Why call it ‘My Pretentious Balloon’?
That comes from something David Foster Wallace said in an interview with Terry Gross on NPR, talking about the hypersensitivity in today’s culture over how people perceive you: ‘This entire, how to talk straight about anything that really means anything that might sound cliche, that might sound uncool, might sound unhip, I mean, there’s an absolute terror that goes along with it…. If the greatest sin in the past was, you know, obscenity or shock, the greatest sin now is appearing naive or old-fashioned so that somebody can give you sort of a very cool, arch smile and devastate you with one extraordinarily crafted line that puts kind of a hole in your pretentious balloon.’
So the title is a way to confront my fear of writing material of a personal nature and then putting it out into the world for it to be subjected to the views and criticisms of whoever reads it. I’m a journalist, but writing about what other people do and say is a lot different than allowing people inside my own head to have a look around. There’s a fear of appearing out-of-touch or dumb, and of having someone come along and put ‘a hole in your pretentious balloon.’ Basically, the title is me saying, ‘OK, this makes me uneasy, but I’m doing it anyway. Here’s my pretentious balloon for you to pop.’

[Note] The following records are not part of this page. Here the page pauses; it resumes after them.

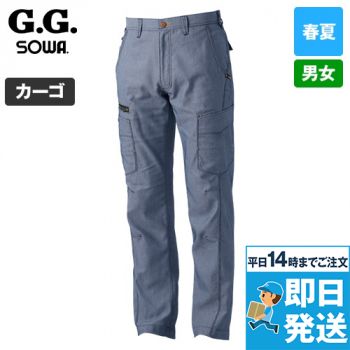 桑和GG 878 カーゴパンツ(ノータック)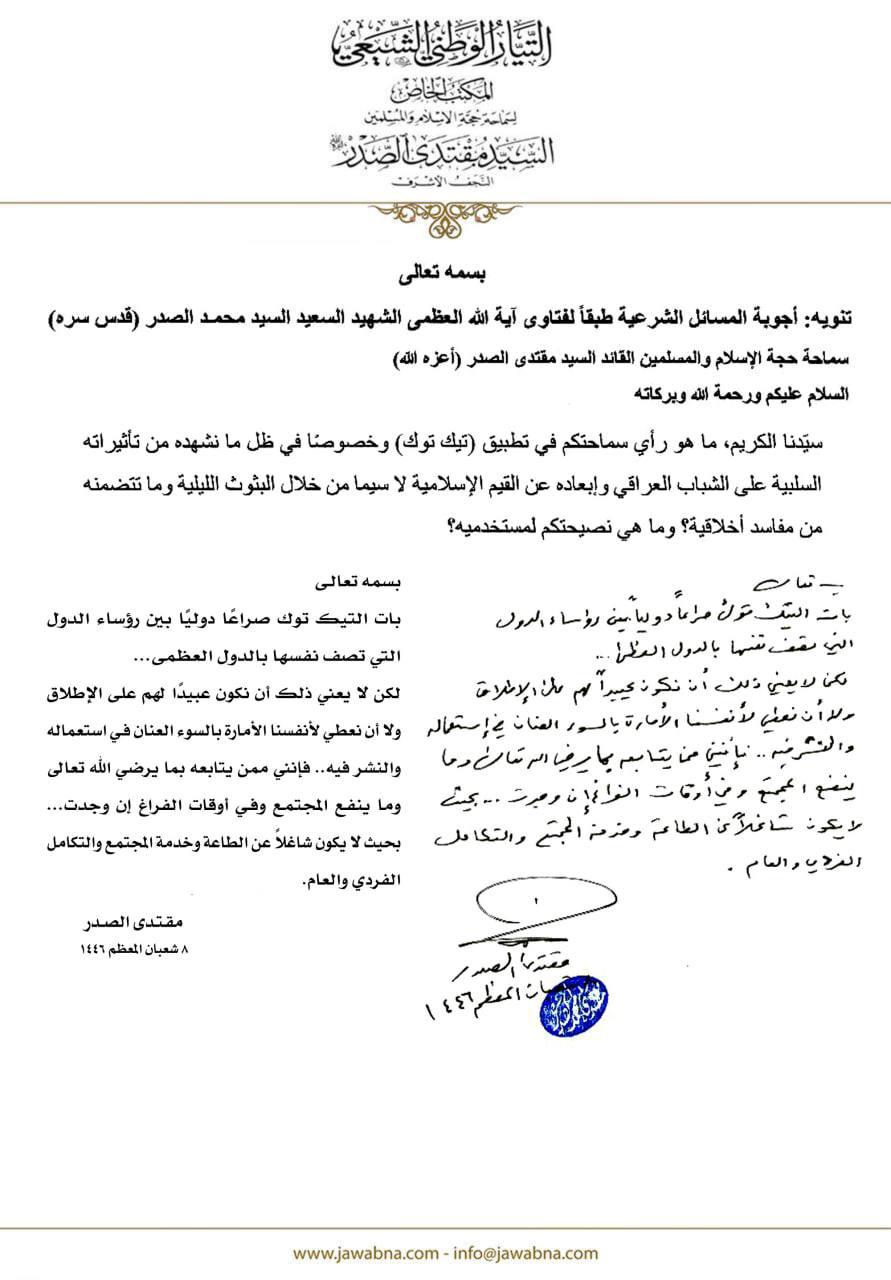 السيد الصدر: أتابع الـ"تيك توك" بما يرضي الله تعالى في اوقات الفراغ ان وجدت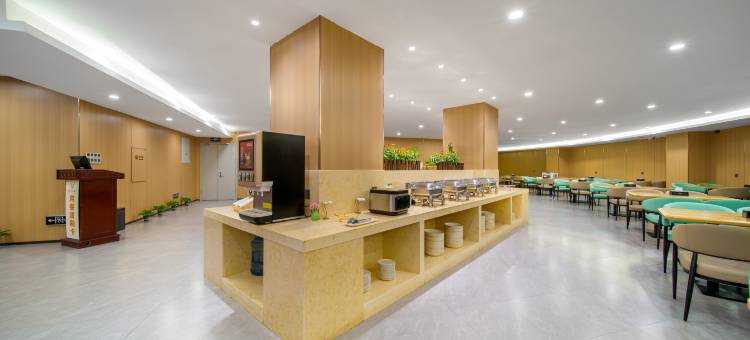 维也纳国际酒店(长沙王府井时代帝景店)图片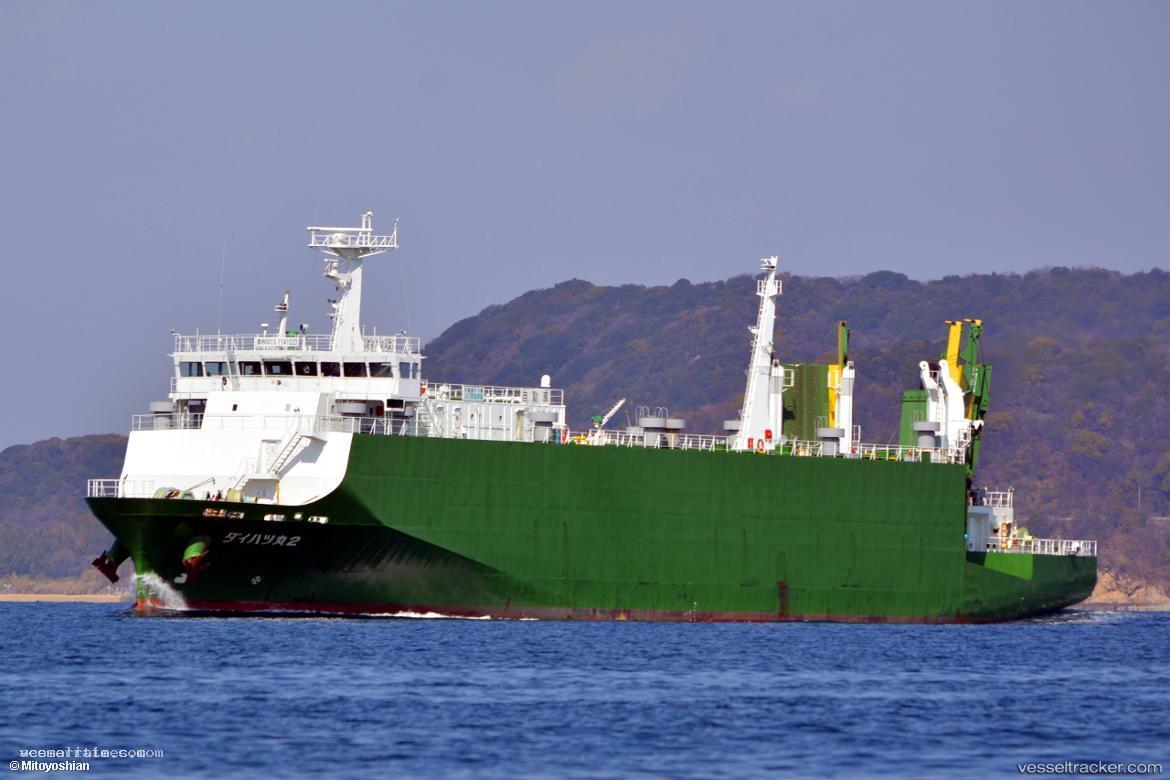Daihatsu-Maru-2 - Vehicles Carrier vessel registered in Japan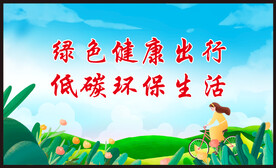 绿色出行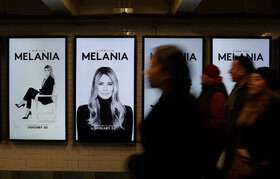 یک افتتاحیه عجیب برای فیلمی درباره ملانیا ترامپ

Writing is risk. But risk worth taking.
Plus, while I’d thought of doing this blog for a while, reading some of Wallace’s essays was the final push. It telegraphed: If done seriously enough, writing that’s done from a hyper-personal viewpoint can comfort, make people laugh or, rarely, inspire. Plus, if Wallace, who it seems was almost always a hopeless, hard-to-watch nervous wreck in his public appearances, could stand putting himself out there, so can I. (Of course, he ended up hanging himself. Following his example only goes so far.)